*** Given data

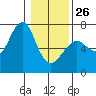 Columbia River Entrance tide chart for Monday, January 26, 2026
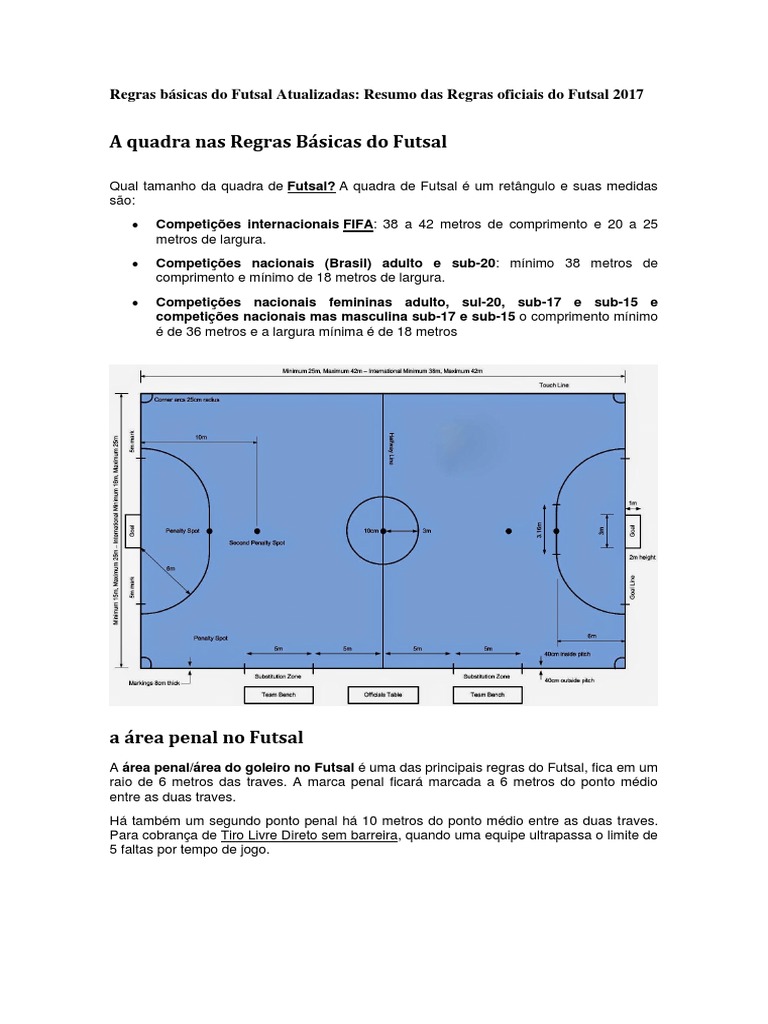 Regras Futsal: REGRA 01- Quadra de Jogo
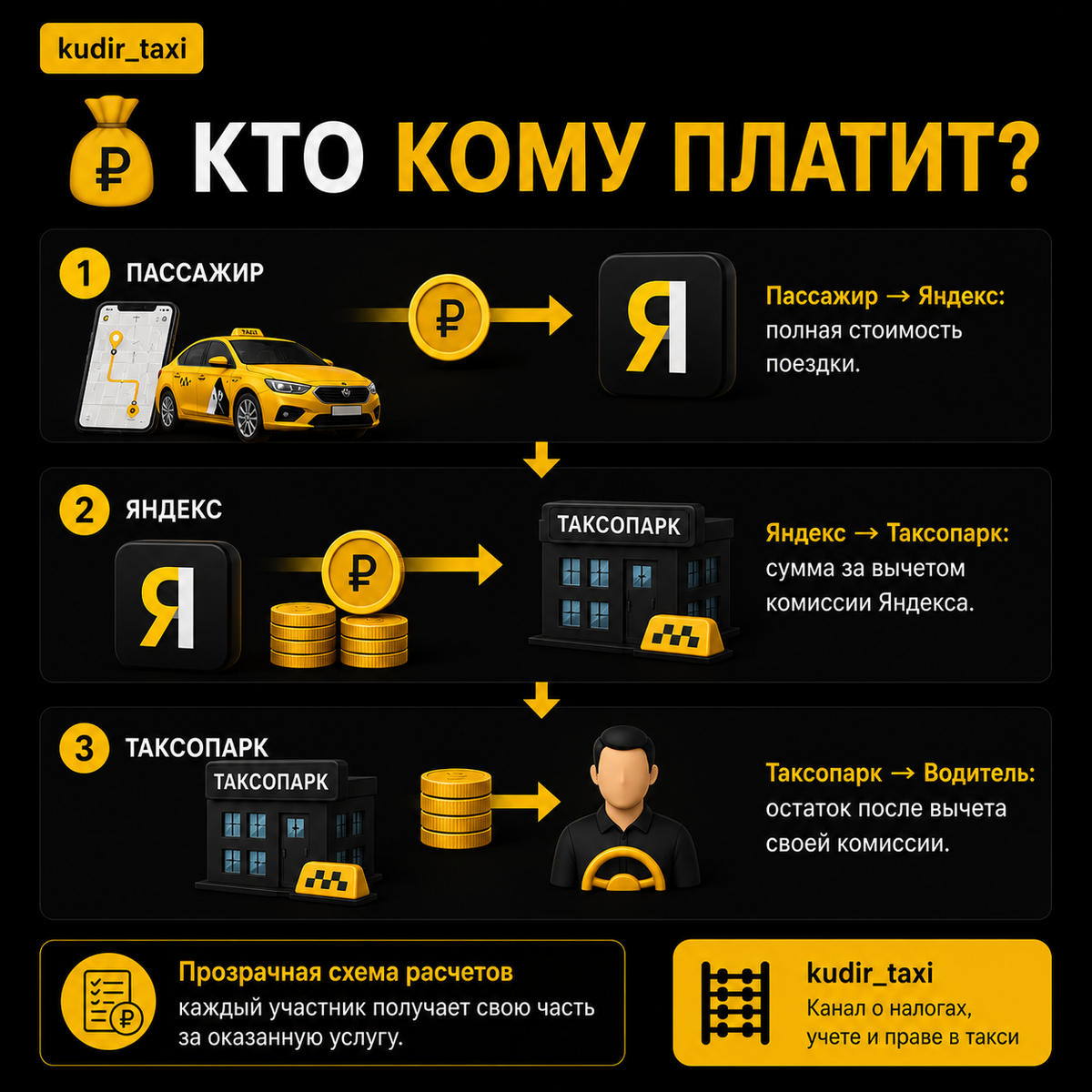 Кто кому платит?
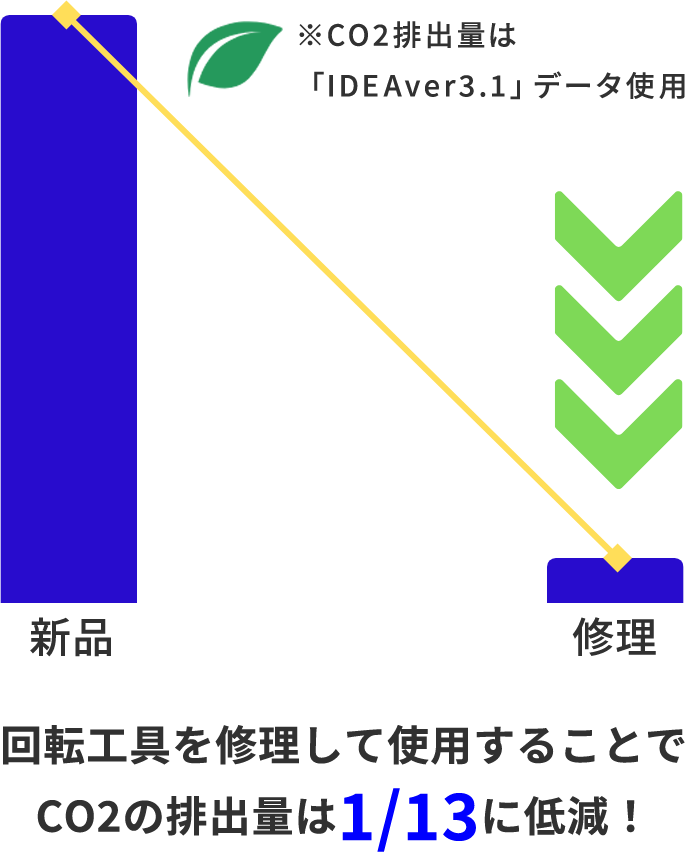 回転工具修理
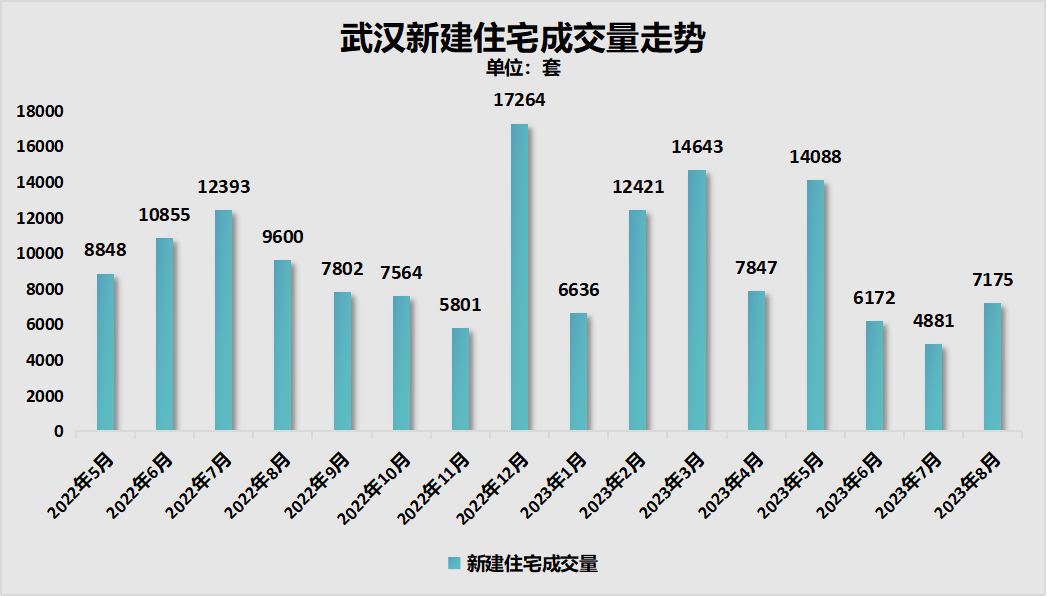 首个取消限购的超大城市，来了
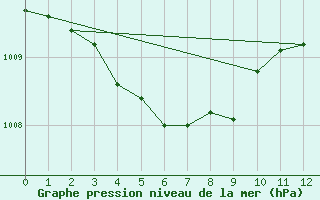 Courbe de la pression atmosphrique pour Miyakonojo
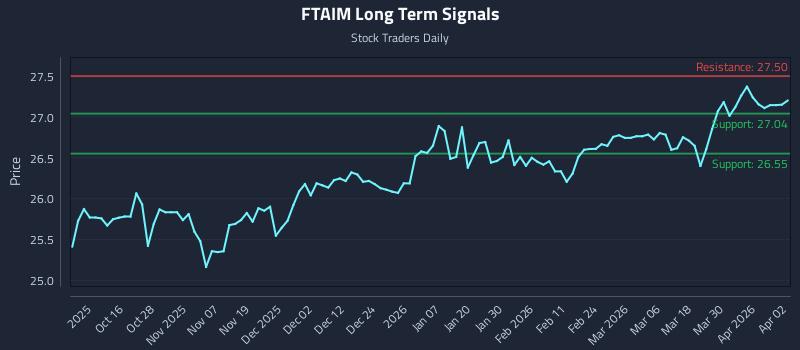 FTAIM Long Term Analysis for April 6 2026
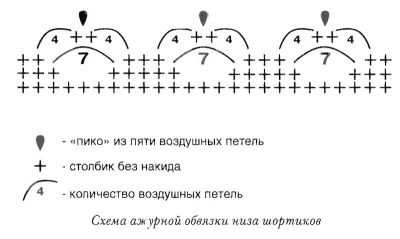 Схема ажурной обвязки низа шортиков Схема ажурной обвязки низа шортиков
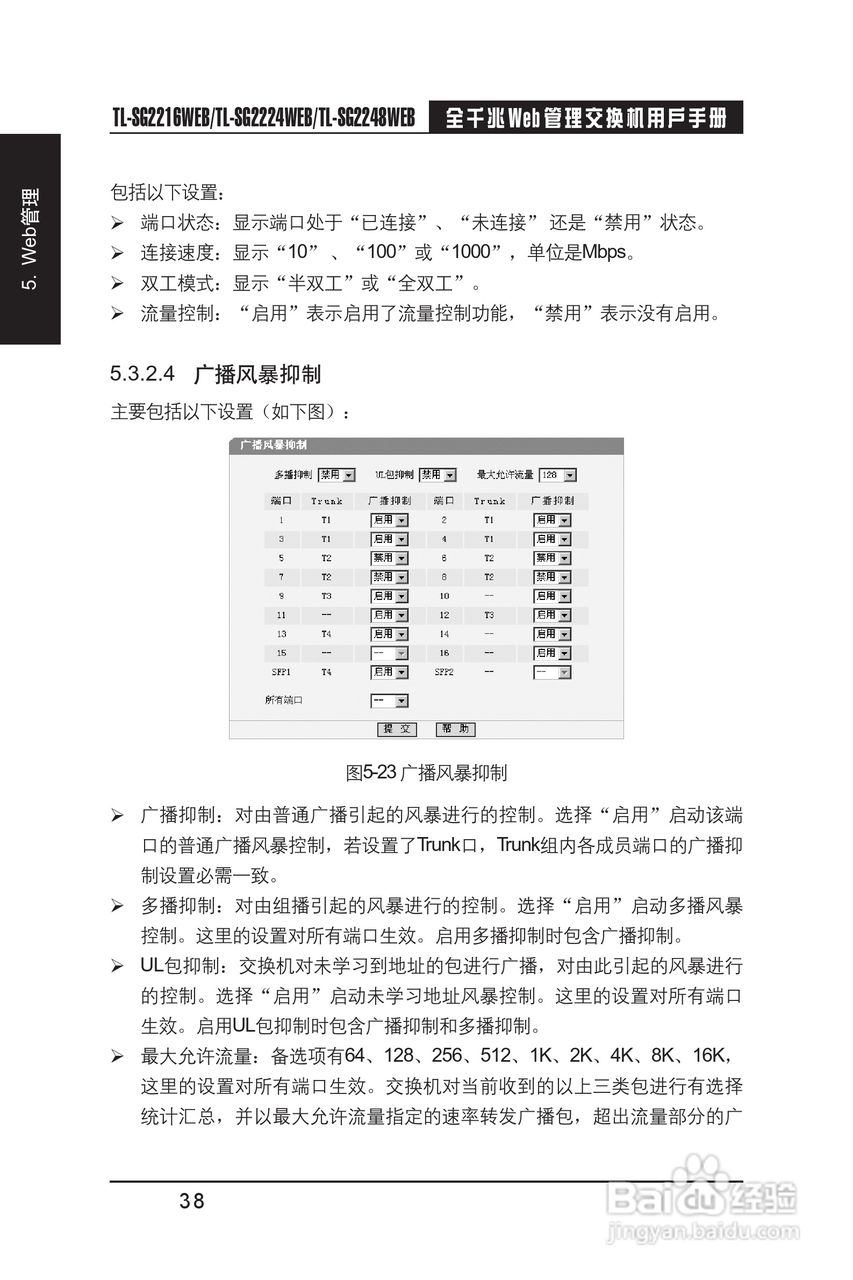 TP-LINK TL-SG2248WEB交换机用户手册:[5]
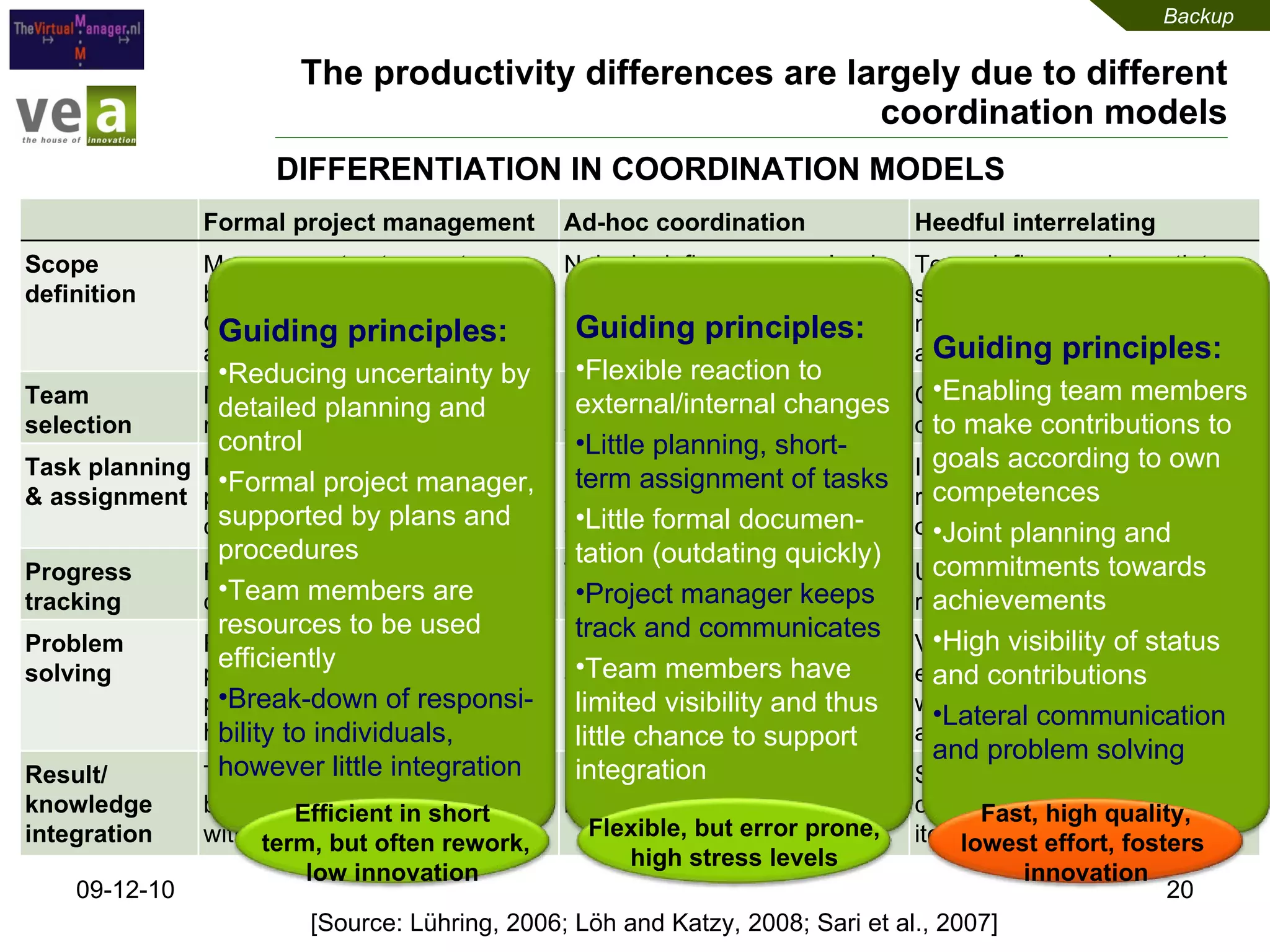 The productivity differences are largely due to different coordination models 09-12-10 DIFFERENTIATION IN COORDINATION MODELS Backup [Source: Lühring, 2006; Löh and Katzy, 2008; Sari et al., 2007] Formal project management Ad-hoc coordination Heedful interrelating Scope definition  Management sets exact scope before project approval; Changes only with formal approval process  Nobody defines scope clearly, can change quickly on request  Team defines and negotiates scope jointly. Changes on member request with joint approval  Team selection  Management/PM on long-term resource planning  Short-term resource availability  Competence and commitment of people  Task planning & assignment  Formal WBS and detailed task planning by PM, scheduling ac-cording to resource availability  Short-term task identification and assignment according to availability – usually by PM  Identification of required results and negotiation/sign-up of people to deliver  Progress tracking  Reporting task progress or completion  Typically PM keeps track of central Todo-List  Updating maturity status of results  Problem solving  Risk management and detailed planning tries to identify problems early, solving through hierarchical decision making Problem solving discussions as they arise  Visibility and concern by everybody identifies problems, which are solved by those affected  Result/ knowledge integration  Through planning clear task break down and specifications with minimal interfaces  Largely through project manager Shared responsibility and collaboration for results, e.g. iterating drafts between team Guiding principles: Reducing uncertainty by detailed planning and control Formal project manager, supported by plans and procedures Team members are resources to be used efficiently Break-down of responsi-bility to individuals, however little integration Guiding principles: Flexible reaction to external/internal changes Little planning, short-term assignment of tasks Little formal documen-tation (outdating quickly) Project manager keeps track and communicates Team members have limited visibility and thus little chance to support integration Guiding principles: Enabling team members to make contributions to goals according to own competences Joint planning and commitments towards achievements High visibility of status and contributions Lateral communication and problem solving Fast, high quality, lowest effort, fosters  innovation Flexible, but error prone, high stress levels Efficient in short  term, but often rework, low innovation 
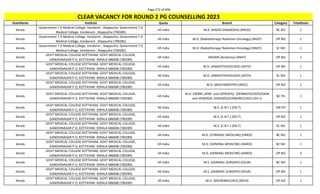 Page 272 of 696
StateName Institute Quota Branch Category TotalSeats
CLEAR VACANCY FOR ROUND 2 PG COUNSELLING 2023
Kerala
Government T D Medical College, Vandanm , Alappuzha, Government T D
Medical College, Vandanam , Alappuzha (700285)
All India M.D. (RADIO-DIAGNOSIS) (RADD) BC NO 1
Kerala
Government T D Medical College, Vandanm , Alappuzha, Government T D
Medical College, Vandanam , Alappuzha (700285)
All India M.D. (Radiotherapy/ Radiation Oncology) (RADT) OP NO 1
Kerala
Government T D Medical College, Vandanm , Alappuzha, Government T D
Medical College, Vandanam , Alappuzha (700285)
All India M.D. (Radiotherapy/ Radiation Oncology) (RADT) SC NO 1
Kerala
GOVT MEDICAL COLLEGE KOTTAYAM, GOVT MEDICAL COLLEGE,
GANDHINAGAR P O, KOTTAYAM KERALA 686008 (700289)
All India MD/MS (Anatomy) (ANAT) OP NO 1
Kerala
GOVT MEDICAL COLLEGE KOTTAYAM, GOVT MEDICAL COLLEGE,
GANDHINAGAR P O, KOTTAYAM KERALA 686008 (700289)
All India M.D. (ANAESTHESIOLOGY) (ASTH) OP NO 1
Kerala
GOVT MEDICAL COLLEGE KOTTAYAM, GOVT MEDICAL COLLEGE,
GANDHINAGAR P O, KOTTAYAM KERALA 686008 (700289)
All India M.D. (ANAESTHESIOLOGY) (ASTH) SC NO 1
Kerala
GOVT MEDICAL COLLEGE KOTTAYAM, GOVT MEDICAL COLLEGE,
GANDHINAGAR P O, KOTTAYAM KERALA 686008 (700289)
All India M.D. (BIOCHEMISTRY) (BIOC) OP NO 1
Kerala
GOVT MEDICAL COLLEGE KOTTAYAM, GOVT MEDICAL COLLEGE,
GANDHINAGAR P O, KOTTAYAM KERALA 686008 (700289)
All India
M.D. (DERM.,VENE. and LEPROSY)/ (DERMATOLOGY)/(SKIN
and VENEREAL DISEASES)/(VENEREOLOGY) (DV-L)
BC PH 1
Kerala
GOVT MEDICAL COLLEGE KOTTAYAM, GOVT MEDICAL COLLEGE,
GANDHINAGAR P O, KOTTAYAM KERALA 686008 (700289)
All India M.S. (E.N.T.) (EN-T) EW PH 1
Kerala
GOVT MEDICAL COLLEGE KOTTAYAM, GOVT MEDICAL COLLEGE,
GANDHINAGAR P O, KOTTAYAM KERALA 686008 (700289)
All India M.S. (E.N.T.) (EN-T) OP NO 1
Kerala
GOVT MEDICAL COLLEGE KOTTAYAM, GOVT MEDICAL COLLEGE,
GANDHINAGAR P O, KOTTAYAM KERALA 686008 (700289)
All India M.S. (E.N.T.) (EN-T) SC NO 1
Kerala
GOVT MEDICAL COLLEGE KOTTAYAM, GOVT MEDICAL COLLEGE,
GANDHINAGAR P O, KOTTAYAM KERALA 686008 (700289)
All India M.D. (FORENSIC MEDICINE) (FMED) BC NO 1
Kerala
GOVT MEDICAL COLLEGE KOTTAYAM, GOVT MEDICAL COLLEGE,
GANDHINAGAR P O, KOTTAYAM KERALA 686008 (700289)
All India M.D. (GENERAL MEDICINE) (GMED) BC NO 1
Kerala
GOVT MEDICAL COLLEGE KOTTAYAM, GOVT MEDICAL COLLEGE,
GANDHINAGAR P O, KOTTAYAM KERALA 686008 (700289)
All India M.D. (GENERAL MEDICINE) (GMED) OP NO 3
Kerala
GOVT MEDICAL COLLEGE KOTTAYAM, GOVT MEDICAL COLLEGE,
GANDHINAGAR P O, KOTTAYAM KERALA 686008 (700289)
All India M.S. (GENERAL SURGERY) (GSUR) BC NO 1
Kerala
GOVT MEDICAL COLLEGE KOTTAYAM, GOVT MEDICAL COLLEGE,
GANDHINAGAR P O, KOTTAYAM KERALA 686008 (700289)
All India M.S. (GENERAL SURGERY) (GSUR) OP NO 1
Kerala
GOVT MEDICAL COLLEGE KOTTAYAM, GOVT MEDICAL COLLEGE,
GANDHINAGAR P O, KOTTAYAM KERALA 686008 (700289)
All India M.D. (MICROBIOLOGY) (MICR) OP NO 1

******

__Task to carry out__
In the entries above, find the line with "All India M.D. (GENERAL MEDICINE) (GMED) BC", then retype it and every line after it exactly.

__Exercise response__
All India M.D. (GENERAL MEDICINE) (GMED) BC NO 1
Kerala
GOVT MEDICAL COLLEGE KOTTAYAM, GOVT MEDICAL COLLEGE,
GANDHINAGAR P O, KOTTAYAM KERALA 686008 (700289)
All India M.D. (GENERAL MEDICINE) (GMED) OP NO 3
Kerala
GOVT MEDICAL COLLEGE KOTTAYAM, GOVT MEDICAL COLLEGE,
GANDHINAGAR P O, KOTTAYAM KERALA 686008 (700289)
All India M.S. (GENERAL SURGERY) (GSUR) BC NO 1
Kerala
GOVT MEDICAL COLLEGE KOTTAYAM, GOVT MEDICAL COLLEGE,
GANDHINAGAR P O, KOTTAYAM KERALA 686008 (700289)
All India M.S. (GENERAL SURGERY) (GSUR) OP NO 1
Kerala
GOVT MEDICAL COLLEGE KOTTAYAM, GOVT MEDICAL COLLEGE,
GANDHINAGAR P O, KOTTAYAM KERALA 686008 (700289)
All India M.D. (MICROBIOLOGY) (MICR) OP NO 1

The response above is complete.